Mądrość nie jest tożsama z wykształceniem. Tzw. mądrość ludowa, przekazywana z pokolenia na pokolenie, bywa zaskakująco nowoczesna w swym opisie świata. Podobnie jest z wiedzą ludu polskiego na temat natury duszy i tego, co dzieje się z nami po śmierci. Co ciekawe, nie idzie ona w parze z wizją religijną, wspominając o idei doskonalenia oraz wędrówki dusz. Ta nieco zapomniana część tradycji warta jest utrwalenia
Z tematyką nieznanoświatową zetknąłem się, jakkolwiek zabrzmi to trochę dziwnie, będąc jeszcze dzieckiem. Ale po kolei!
Urodziłem się i mieszkam już od ponad 70 lat w Białowieży. Nie powiem, że jest to zagubiona w Puszczy Białowieskiej wieś, bo zarówno dawniej, jak i obecnie można tutaj często ujrzeć osoby z pierwszych stron gazet. Niemniej jednak to wieś, z wszelkimi przynależnymi jej osobliwościami.
Moje dzieciństwo przypadło na lata 50. XX wieku. Był to okres, kiedy na wsi informacje przekazywano sobie zazwyczaj z ust do ust. W chłopskiej chacie gazeta czy książka gościły rzadko, radioodbiorniki też. Działała wprawdzie radiofonia przewodowa, ale z tzw. toczek leciała tylko propaganda, którą puszczano mimo uszu. O telewizji wówczas nawet się nie słyszało.
Kobiety w zimowe wieczory zbierały się po dwie-trzy w kuchni którejś z chat i przędły len na kołowrotkach. Energia elektryczna w tamtym czasie była rarytasem. Wyłączano ją nagminnie, szczególnie na wsiach (o ile w ogóle wieś została zelektryfikowana! Białowieża akurat tak). Toteż korzystano powszechnie z lamp naftowych. Wisiały one na ścianie. Światło padające na kądzielnice kilku ustawionych obok siebie kołowrotków, rzucało dziwne, długie cienie.
Atmosfera była tajemnicza, jakby nie z tego świata.
Zmuszała wprost do snucia fantastycznych opowieści. Towarzyszące kobietom dzieci, niby zajęte zabawą, nadstawiały uszu chłonąc wszystko, co usłyszały.
Po przeglądzie zwykłych wieści – kto, gdzie i kiedy, prządki zaczynały opowiadać o różnych dziwnych przypadkach, o których zasłyszały od innych osób, bądź same ich doświadczyły.
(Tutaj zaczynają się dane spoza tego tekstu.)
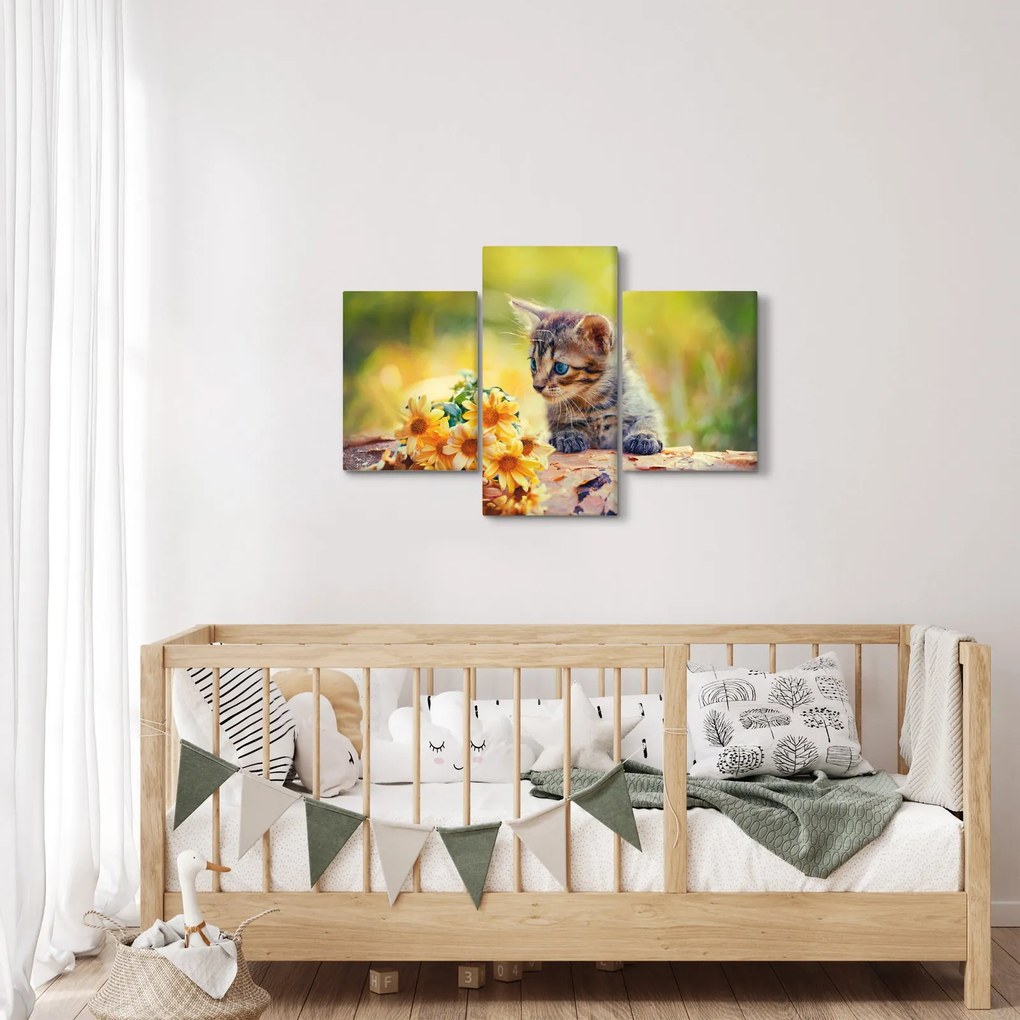 Obraz mačiatka pozerajúce sa na kvetinu (90x60 cm)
Nie były to opowiadania zmyślone, bo padały nazwiska mieszkańców Białowieży lub okolicznych wsi, mówiono też o konkretnych miejscach, podawano dokładny czas niecodziennego wydarzenia. Niestety, w moim wieku trudno już przypomnieć sobie szczegóły tych opowieści. Należało je spisać zaraz po usłyszeniu, ale zrobić tego, mając zaledwie kilka lat, oczywiście nie mogłem. A i odtworzyć na podstawie wywiadów z opowiadającymi je paniami też już się nie da, bo wszystkie od dawna nie żyją.